Petite question par curiosité :
êtes-vous infirmier ?

Merci d'avoir répondu !

GRANDS DOSSIERS

Ulcère artériel ou ischémique : savoir le reconnaître et le traiter

Publié le 17/11/2015

Cause d’une morbi-mortalité importante, avec un risque d'amputation élevé, l’ulcère artériel ou ischémique des membres inférieurs nécessite une prise en charge multidisciplinaire spécifique, avec notamment une vigilance accrue chez les diabétiques. Au moindre doute, un avis spécialisé et une mesure de l’index de pression systolique (IPS) sont requis. Geste de revascularisation, mais aussi lutte contre les facteurs de risque, hygiène de vie et éducation thérapeutique font partie de l’arsenal thérapeutique pour tenter de guérir cette lésion particulièrement douloureuse.

Les ulcères artériels sont le plus souvent, consécutifs à une artériopathie périphérique oblitérante chronique des membres inférieurs responsable d'une ischémie tissulaire.

Environ 10 % des ulcères de jambe sont des ulcères artériels1. Si ces derniers ne sont pas parmi ceux les plus fréquents, ils sont en revanche les plus graves et très douloureux.
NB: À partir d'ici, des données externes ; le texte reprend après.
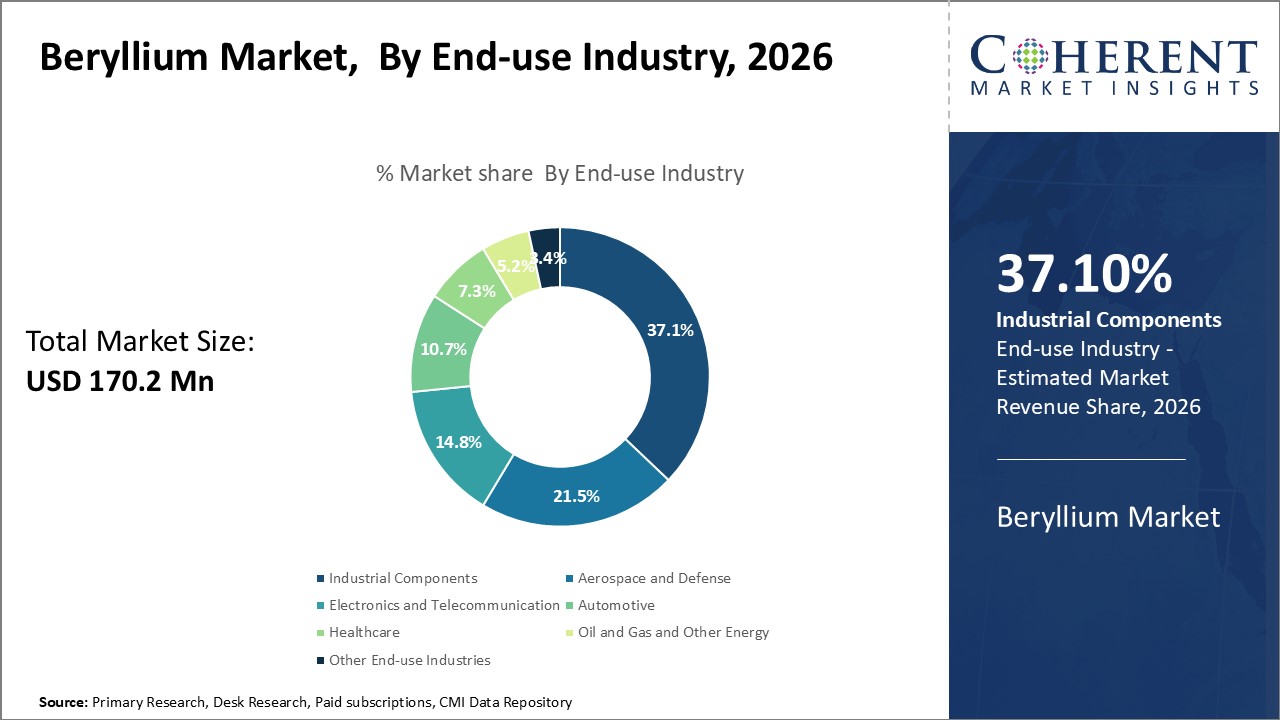 Beryllium Market, By End-use Industry Beryllium Market, By End-use Industry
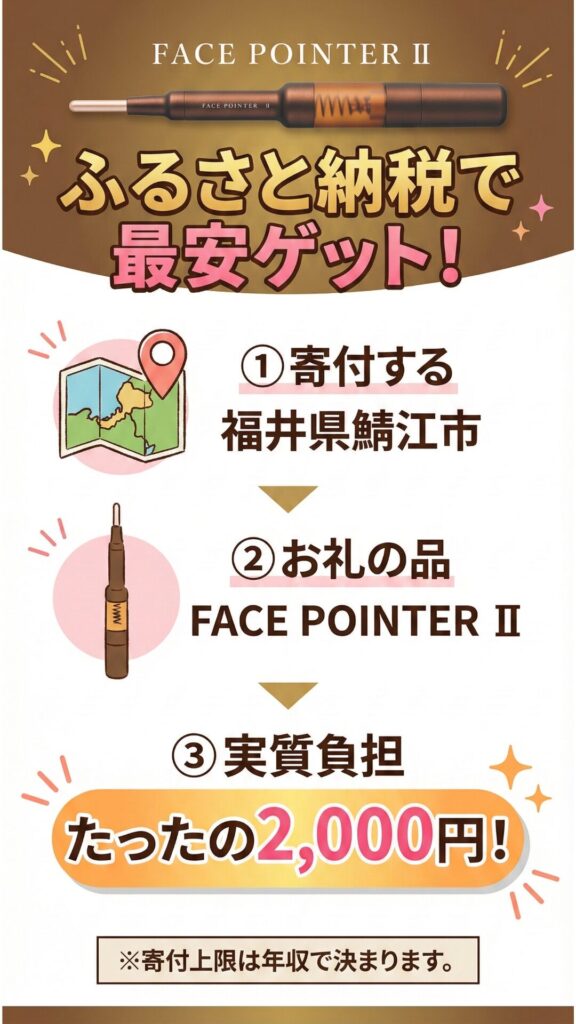 フェイスポインター実質2,000円で手に入れるのが一番安い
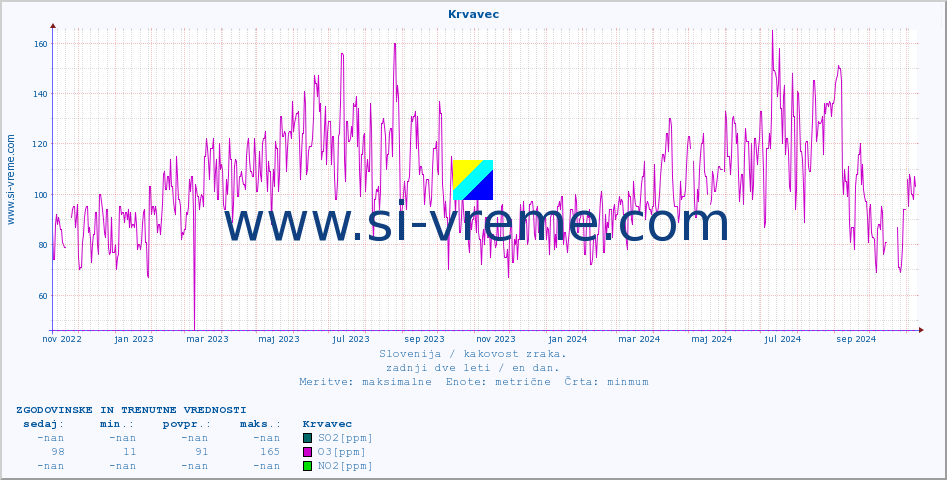 POVPREČJE :: Krvavec :: SO2 | CO | O3 | NO2 :: zadnji dve leti / en dan.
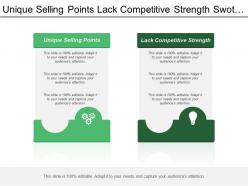 Unique Selling Points Lack Competitive Strength Swot Analysis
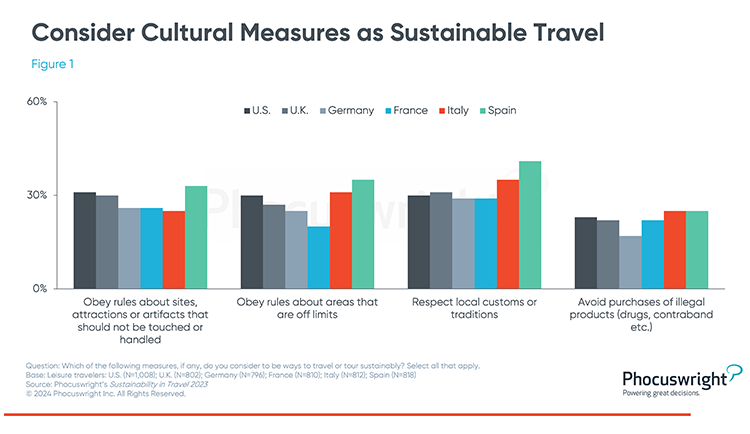 Economic, not just environmental, sustainability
Ils sont en général dus à l'athérosclérose. Tabac, diabète - surtout de type 2 -, hypertension artérielle, hypercholestérolémie font partie des facteurs de risque causaux de la maladie vasculaire athérosclérotique, auxquels s'ajoutent comme autres facteurs de risque prédisposants, l'ethnicité, le sexe masculin, un âge élevé (++ à compter de 65 ans), l'obésité, l'inactivité, le stress, l'isolement social, ainsi que des antécédents familiaux.

Dépistage et diagnostic

Palpation des pouls

Il est fréquent qu'une plaie ait une origine - ou du moins une composante artérielle - qu'il convient de dépister. Pour cela, la Haute Autorité de santé (HAS) recommande devant tout ulcère une palpation systématique des pouls distaux. S'ils sont perçus, cela signifie une absence d'artériopathie ; dans le cas contraire, les patients doivent être considérés comme possiblement artériopathes. Le diagnostic sera confirmé par la mesure de l’indice de pression systolique (IPS).

Apparence

Très douloureux - la douleur est le signe d'alarme qui amène les patients à consulter -, l'ulcère artériel siège aux extrémités (orteils), zones d'appui (reliefs osseux du pied, zones de frottement dans la chaussure) ; il est volontiers nécrotique (sec ou humide) et limité. Il est à l'emporte-pièce, pouvant présenter des zones creusantes, avec un fond atone.

En plus de l'ulcère artériel, d'autres signes vont permettre d'orienter le diagnostic : trouble des phanères (dépilation et ongles fissurés), talon et orteils déshabités, peau froide et pâle/érythrocyanose de déclivité. Une douleur de décubitus insomniante soulagée par des jambes pendantes, un allongement du temps de recoloration cutanée (> 3 secondes) et une pâleur lors de la surévélation du membre (45°) sont d'autres signes permettant le diagnostic. Une entité a été définie chez ces patients artériopathes sévères : l’ischémie critique (douleur au repos persistant pour plus de 15 jours ou ulcération ou gangrène des orteils ou du pied et pression à la cheville ≤ 50 mmHg et/ou une TcPO2

Les faux amis…

Attention à ne pas confondre ulcère neuro-ischémique et mal performant sans artériopathie chez le patient diabétique. Si en surélevant la jambe le pied reste bien coloré, bien chaud et que les veines ne se vident pas, il s'agit bien d'un mal performant. Autre faux ami de l'ulcère artériel : l'angiodermite nécrotique que l'on retrouve chez le même terrain de patients âgés, hypertendus. On pourra la distinguer de ce dernier par le fait qu'elle est localisée sur la face latéro-externe de jambe et qu'il s'agit d'une plaie polylobée (à la différence de l'ulcère artériel qui est à l'emporte-pièce). La nécrose est superficielle. Quant à l'ulcère artériel mixte, le plus souvent ulcère veineux chez un artériopathe, de plus en plus fréquent, la prédominance veineuse ou artérielle est définie par la mesure de l’IPS. Cette mesure permet de plus d’adapter la force de compression et éviter de décompenser l'artériopathie sous-jacente et éventuellement de créer d'autres plaies.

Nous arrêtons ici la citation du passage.